Resurrecting this thread because I just got a call from the people for whom I did the work to say they had a bad accident that messed up one of the melamine boards on the end of one of the tables (nothing to do with my work), and that they're wondering if I can come back to replace it with a new one.

I provisionally said yes, but I'm wondering what I'm walking into, as I've never had to do this sort of surgical repair/rehab with this kind of adhesive.

So...I ended up securing the melamine ply using a combination of screws coming up from underneath, and then the ROO Glue melamine adhesive that was suggested to me.  Obviously I can take out the screws, but how resilient will the adhesive be?  I'm thinking it won't be that bad because the substrate of the table underneath is plywood painted with a high gloss white finish.  So as I'm prying/lifting the Melamine off, it shouldn't take off chunks like if it were affixed to bare wood.
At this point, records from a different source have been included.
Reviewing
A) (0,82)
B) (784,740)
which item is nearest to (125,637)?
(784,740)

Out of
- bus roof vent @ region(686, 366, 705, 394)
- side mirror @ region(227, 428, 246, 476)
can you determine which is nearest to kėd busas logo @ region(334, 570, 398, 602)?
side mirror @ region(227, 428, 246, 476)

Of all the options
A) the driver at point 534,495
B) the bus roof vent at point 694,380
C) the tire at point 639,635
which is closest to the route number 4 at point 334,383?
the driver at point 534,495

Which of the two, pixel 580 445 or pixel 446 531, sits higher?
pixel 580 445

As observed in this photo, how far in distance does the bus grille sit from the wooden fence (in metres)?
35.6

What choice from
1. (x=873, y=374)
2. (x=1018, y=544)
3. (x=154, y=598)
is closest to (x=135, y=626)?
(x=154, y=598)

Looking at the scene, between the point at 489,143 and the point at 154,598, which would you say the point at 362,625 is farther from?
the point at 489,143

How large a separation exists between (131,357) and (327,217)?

Any thoughts from the original respondents to the thread,  [member=7816]Tim Raleigh[/member] or [member=4105]tjbnwi[/member] or anyone else for that matter?  And any suggestions on best practices/tools for prying off the Melamine?  I figure I'll bring along my RAS to take off any adhesive that remains stuck to the table.
 
Remove screws, this is where the glue will be holding the strongest.
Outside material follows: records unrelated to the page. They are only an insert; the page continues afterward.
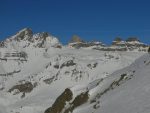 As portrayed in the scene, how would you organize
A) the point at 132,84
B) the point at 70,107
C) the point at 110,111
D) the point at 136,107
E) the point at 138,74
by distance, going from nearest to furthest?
1. the point at 136,107
2. the point at 110,111
3. the point at 132,84
4. the point at 138,74
5. the point at 70,107

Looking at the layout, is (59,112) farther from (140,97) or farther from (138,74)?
(140,97)

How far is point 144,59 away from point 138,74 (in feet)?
21.7

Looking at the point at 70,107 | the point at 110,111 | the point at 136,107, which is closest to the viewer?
the point at 136,107

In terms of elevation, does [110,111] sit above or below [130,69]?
below

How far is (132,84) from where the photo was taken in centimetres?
3341

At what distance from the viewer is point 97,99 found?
118 ft

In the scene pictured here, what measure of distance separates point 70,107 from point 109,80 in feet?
15.2

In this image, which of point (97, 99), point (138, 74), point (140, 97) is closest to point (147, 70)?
point (138, 74)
Insert a putty knife between the panels to get a feel of what you're up against. Heating the knife may help. Piano wire will be an option.

A block of wood along the edge of the melamine panel, a hard sharp rap with a dead blow hammer. If you try this get some moving planet rubber bands to wrap around the top. Last thing you want to find out this worked as the piece goes through a wall.

Get back to us once you give it a try.

Tom
 
FYI
For small area repairs I've found MitreBond two part cyanoacrylate adhesive to be superb.  It bonds solid within seconds!!  Most impressive, for a wide range of uses.